Nachtplan: Vlad und Voodoo

Quelle: nachtplan 3/4 2017 (Heft Nr. 84)

VON MARK BENECKE

Die Forensik-Tagung fand in diesem Jahr direkt am French Quarter in New Orleans statt. Dort liegt der Ursprung aller modernen Vampyr-Geschichten (durch Anne Rice: Interview mit einem Vampir, Königin der Verdammten), berühmter Vampir-Bälle und magischer Voodoo-Schuppen. Hier ist es ganz normal, sich nachts an der Straßenecke im Licht einer Taschenlampe die Karten legen zu lassen und der örtliche Voodoo-Laden bietet Kerzen zur Abwehr von Flüchen an.

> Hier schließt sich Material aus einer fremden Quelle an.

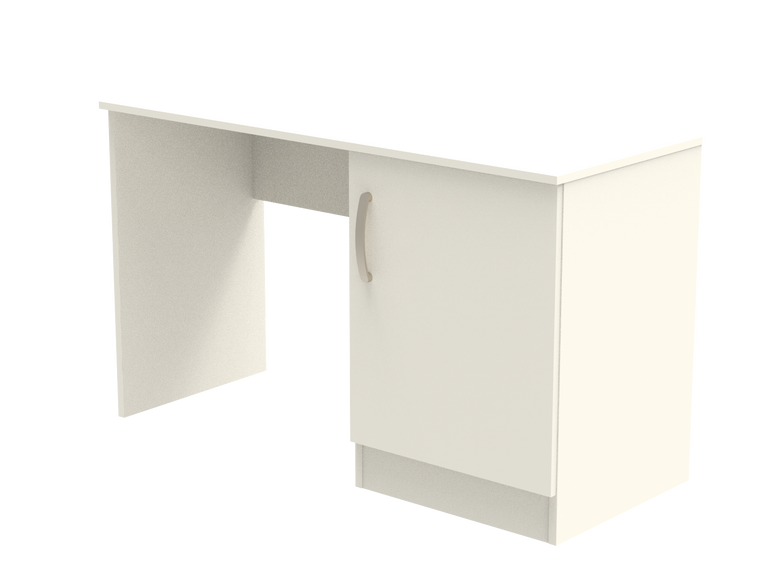 Amberley Cupboard Dressing Table 1200mm wide (Right Handed)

Im “einzigen” Vampir-Laden der Welt in der St. Ann Street sagt ein Vlad-Țepeș-Zoltar-Hybrid-Automat die Zukunft voraus. Mir hat er Liebestipps auf einer Abreiß-Karte ausgeworfen; die Chefin schenkte mir daraufhin einen House of Night-inspirierten Traumfänger aus silbernen Monden dazu (“das habe ich noch nieeeee getan!”). Läuft! Außerdem gibt es bei ihr Schrumpfköpfe und Vampir-Quietsche-Enten zu kaufen.

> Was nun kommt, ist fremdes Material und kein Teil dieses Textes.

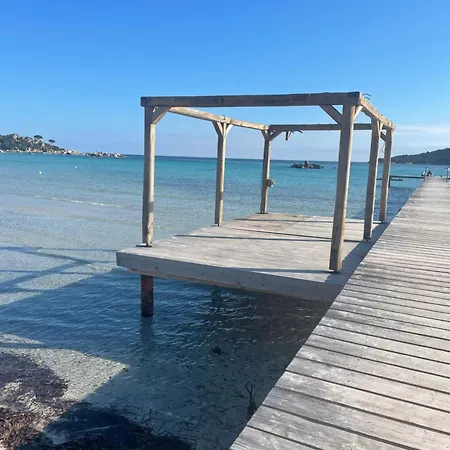 Maison Vecchio Proche Belles Plages Porto-Vecchio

Der Laden ist winzig, die Chefin wirklich bezaubernd, und wer Fangzähne braucht, kann sich den örtlichen Vampyrzahnarzt hin bestellen. Wem das zu persönlich ist, der geht in den (diesmal wirklich) einzigen Kostümladen der Erde, der erstens täglich 24 Stunden lang geöffnet ist, zweitens Sexspielzeug verkauft und drittens die größte Auswahl an fangs zum selbst anpassen bereit hält, die ich je gesehen habe. Außerdem gibt es noch eine Vampir-Bar, die gleich neben einem Rockerladen liegt, dessen Wand nur aus Totenköpfen (und einem Spiegel) besteht und der nur durch eine winzige Kellertür erreichbar ist.

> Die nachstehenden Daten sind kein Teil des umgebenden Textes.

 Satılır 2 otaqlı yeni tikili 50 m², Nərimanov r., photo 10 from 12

Die Grenze zwischen Quatsch, Magie und Wunderwerk ist in New Orleans nicht so dünn wie anderswo. Denn touristisch wirkt das alles nicht, obwohl es reichlich TouristInnen gibt — eher augenzwinkernd und spannend. Wenn es abends regnet, die Straße grünlich dampft und die Häuser noch unwirklicher als tags aussehen, dann müsste man schon eine Herz aus Stahl haben, um nicht die Nachtgestalten aus den Ritzen und Spalten der magischsten Ecke der Welt sickern und flitzen zu sehen.